Two woman at church:
“Did you buy Hobby Lobby out? I saw you waiting in that long line on Black Friday.”
“I did. Most was 50% off. Spent 1k.”
“Good Lord! Whee as t did you buy?”
“Decorates, stickers, and things.”
Women in the Restroom:
“Are you getting much crocheting done? Or did you get bored?”
“I have. I am going three projects at the moment, you?”
“I’m still working on Christmas gifts for the grandkids”
“All mine want are asking for us electronics abs their parents can buy them that. Kids nowadays!”
Lady to another Lady: “ I had my hip surgery earlier this year. I’m just now getting back to church. It’s been a while, I know.”
Lady: “ I need Hip surgery myself. How was it?
Lady: “Not too bad. I’m glad I went through with it.”
Lady: “How was the pain afterwards?“
Lady: “They gave me Vicodin but I sold them. Well, I took one and sold the rest to pay for groceries.”
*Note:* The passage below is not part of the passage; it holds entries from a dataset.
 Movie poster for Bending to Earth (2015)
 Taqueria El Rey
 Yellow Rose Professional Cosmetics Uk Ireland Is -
Lady: “Oh my! You poor dear! Okay, you take care I need to be going.”
Physical Therapy room
Man to woman-
“Excuse me, May I ask you a question?
Woman:”Sure, what can I help you with?”
Man:” When I enter a room as a black man,
I am judged by my hair. I’ve grown it out since leaving the Army and my wife hates my dreads, even though I keep them this short. What do you think?
I noticed how by nice your hair looks and was wondering what that was called?”
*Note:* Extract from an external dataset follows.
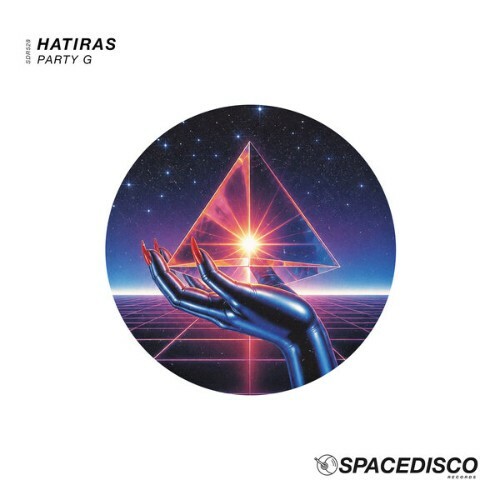 Hatiras — Party G (2026)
Woman: “Thank you. Mine are called Lock and roll.
I have had dreads in the past. Yours look short and nice to me. So tell me, how do people judge you?”
Man: “Work related and job wise. I may be the best candidate for the job, but because of my dreads, even though they are clean and short. I’m Judged as dirty and not clean.”
Woman: “Well that sucks. I can give you the number of my hairdresser if you’d like. I’ll let her know you will be contacting her. Give me your phone.”
Man:”I’d really appreciate that, and thank you.”